Monday’s news that longtime LPL Financial executive Bill Morrissey is retiring has prompted several veteran industry watchers to express concern about management stability and other issues at the independent broker-dealers.
“LPL’s managerial ranks seem like they have been a revolving door since CEO Mark Casady left” in early 2017, said Tim Welsh, head of the consulting group Nexus Strategy and a former executive at Charles Schwab, who points out that the firm also has seen several large advisor groups depart recently.
Morrissey had been with the independent broker-dealer since 2004, leading its business-development efforts since 2006. According to the IBD, he is retiring “to spend more time with his young family.”
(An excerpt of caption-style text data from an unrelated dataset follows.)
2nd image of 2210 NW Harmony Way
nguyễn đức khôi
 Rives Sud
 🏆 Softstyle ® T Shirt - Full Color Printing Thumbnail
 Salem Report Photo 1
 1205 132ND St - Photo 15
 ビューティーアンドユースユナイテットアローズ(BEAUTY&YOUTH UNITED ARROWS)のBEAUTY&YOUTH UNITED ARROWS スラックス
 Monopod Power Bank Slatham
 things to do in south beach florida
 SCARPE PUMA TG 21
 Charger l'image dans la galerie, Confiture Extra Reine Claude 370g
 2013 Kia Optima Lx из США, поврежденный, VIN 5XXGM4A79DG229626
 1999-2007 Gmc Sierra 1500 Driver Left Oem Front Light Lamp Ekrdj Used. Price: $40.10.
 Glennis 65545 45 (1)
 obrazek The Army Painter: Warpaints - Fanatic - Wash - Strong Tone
Other recent exits include Michael Murray, who was LPL’s national sales manager for the West since 2002. He left the firm in May to join Cetera Financial Group as head of its new business development efforts.
HD Vest Financial Services recently nabbed Chau Nguyen Haner, who had been with LPL since 2009 and served as assistant vice president of marketing strategy.
A year ago, Chief Information Officer Victor Fetter left after more than four years in that post. His departure came shortly after that of David Berger, who had been the IBD’s general counsel for roughly four years.
For its part, LPL points out that it has had only one exit from its C-suite in the past 18 months — that of Fetter.
According to recruiter Jon Henschen, Morrissey might have been under pressure from several factors, such as growth goals that possibly were not being met or issues tied to the retention of advisors acquired via the purchase of broker-dealer assets from Jackson National in August 2017.
In addition to the exit of several recruiters, Henschen said there has been industry talk about the firm’s retention bonuses “needing to be increased substantially for a large number of the advisors to [get them to] agree to come over to LPL.”
Plus, the veteran recruiter explained, “The current focus of 50 basis points on assets being offered to entice advisors to join and less focus on recruiter relationship building may also have fallen flat.”
William Blair equity analyst Chris Shutler said in a May report that “the fact that more aggressive offers need to be made highlight the company’s challenges.”
LPL, though, said in a statement that it was “happy with our trajectory and the momentum we have in recruiting this year” and that Morrissey was retiring “to spend more time with his wife and young children.”
The IBD explained that it would add “color and specifics” on some of these issues during its second-quarter earnings call, which is set for July 26.